- Extracted information:
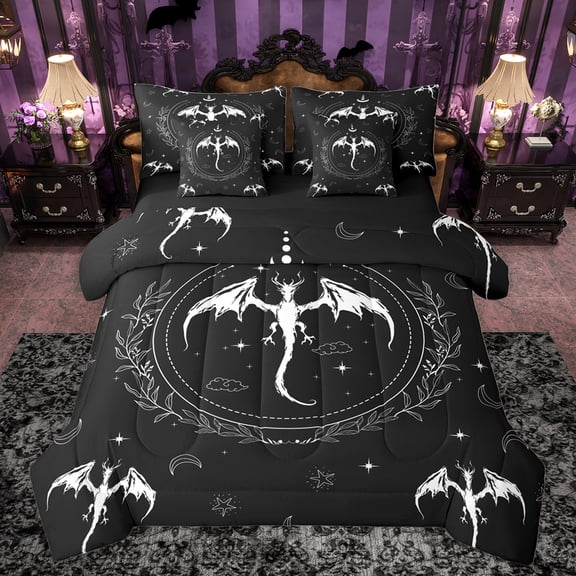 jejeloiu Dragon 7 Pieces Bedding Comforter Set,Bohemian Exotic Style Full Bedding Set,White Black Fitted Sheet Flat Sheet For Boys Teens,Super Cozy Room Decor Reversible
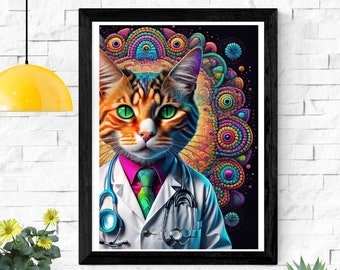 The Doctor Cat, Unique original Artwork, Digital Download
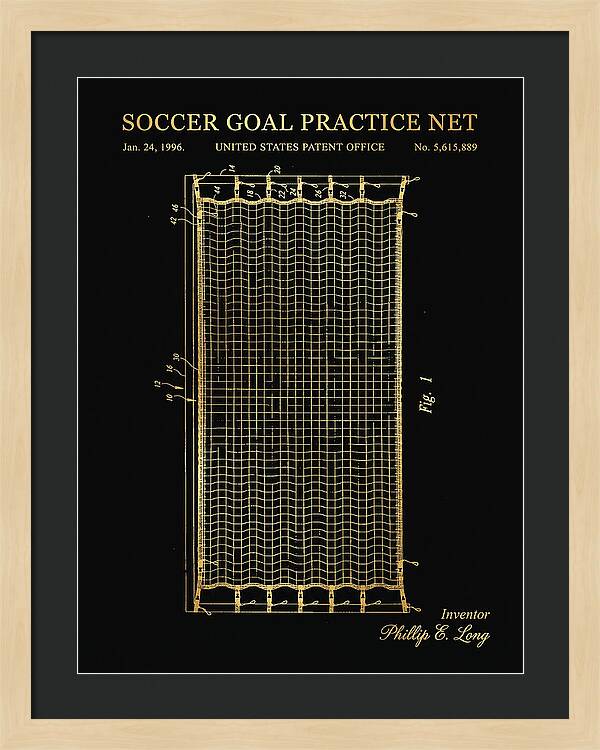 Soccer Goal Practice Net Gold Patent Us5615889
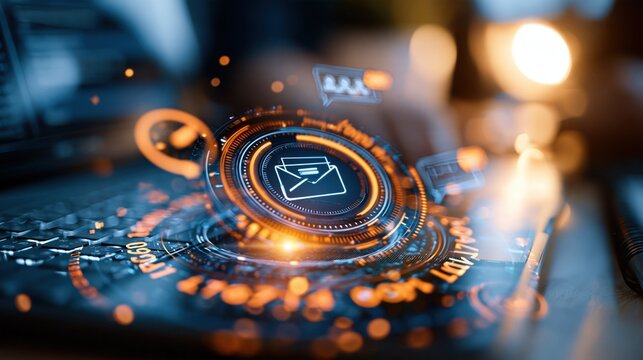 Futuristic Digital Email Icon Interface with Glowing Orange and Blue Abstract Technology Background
* * *
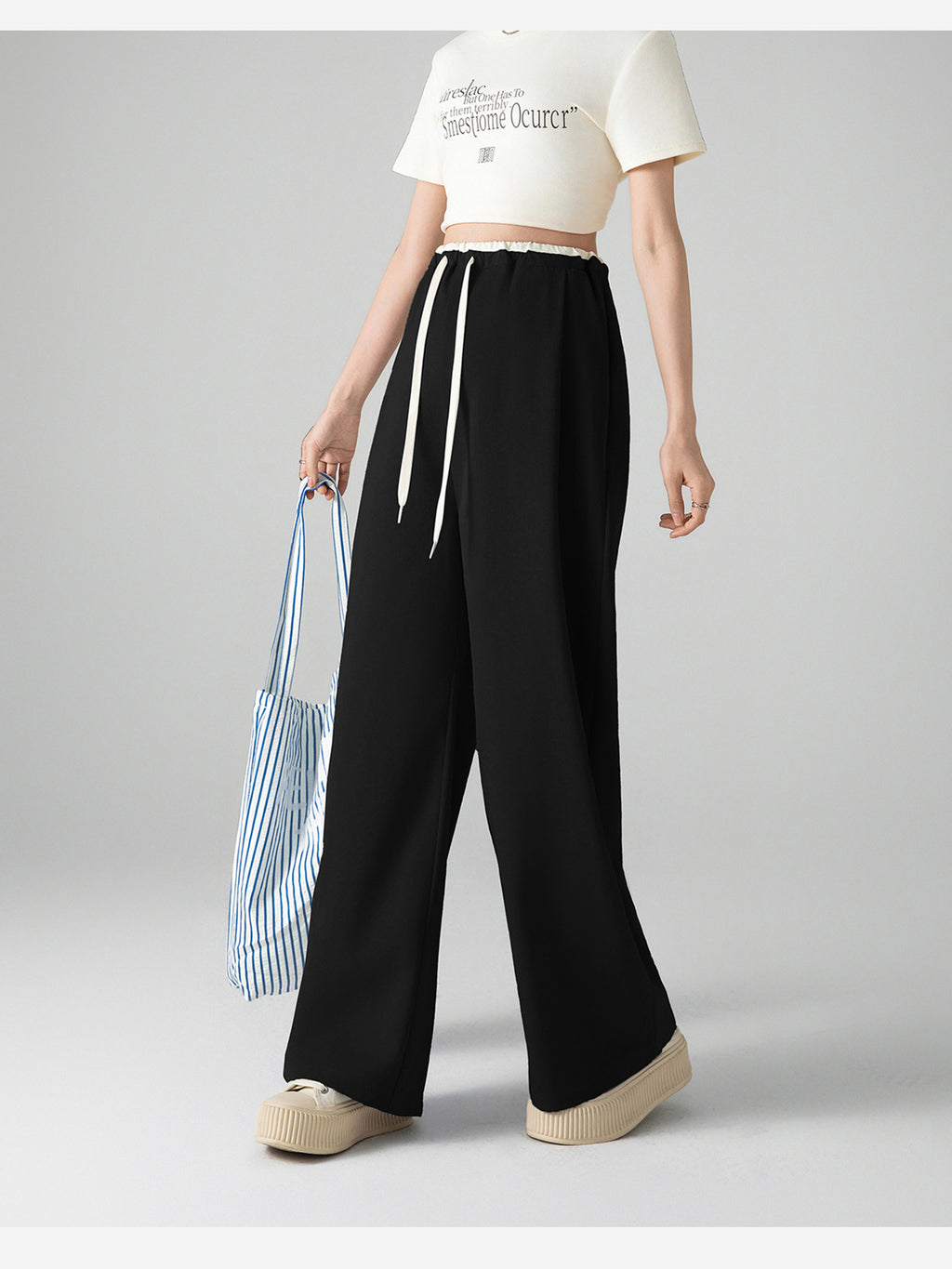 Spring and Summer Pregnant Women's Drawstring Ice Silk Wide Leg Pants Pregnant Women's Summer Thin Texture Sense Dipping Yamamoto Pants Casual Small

- Task instructions:
In the listing above, find the line holding "jejeloiu Dragon 7" and the line holding "Futuristic Digital Email". Reproduce those two lines and all between them exactly, leaving out pictures.

- Task response:
 jejeloiu Dragon 7 Pieces Bedding Comforter Set,Bohemian Exotic Style Full Bedding Set,White Black Fitted Sheet Flat Sheet For Boys Teens,Super Cozy Room Decor Reversible
 The Doctor Cat, Unique original Artwork, Digital Download
 Soccer Goal Practice Net Gold Patent Us5615889
 Futuristic Digital Email Icon Interface with Glowing Orange and Blue Abstract Technology Background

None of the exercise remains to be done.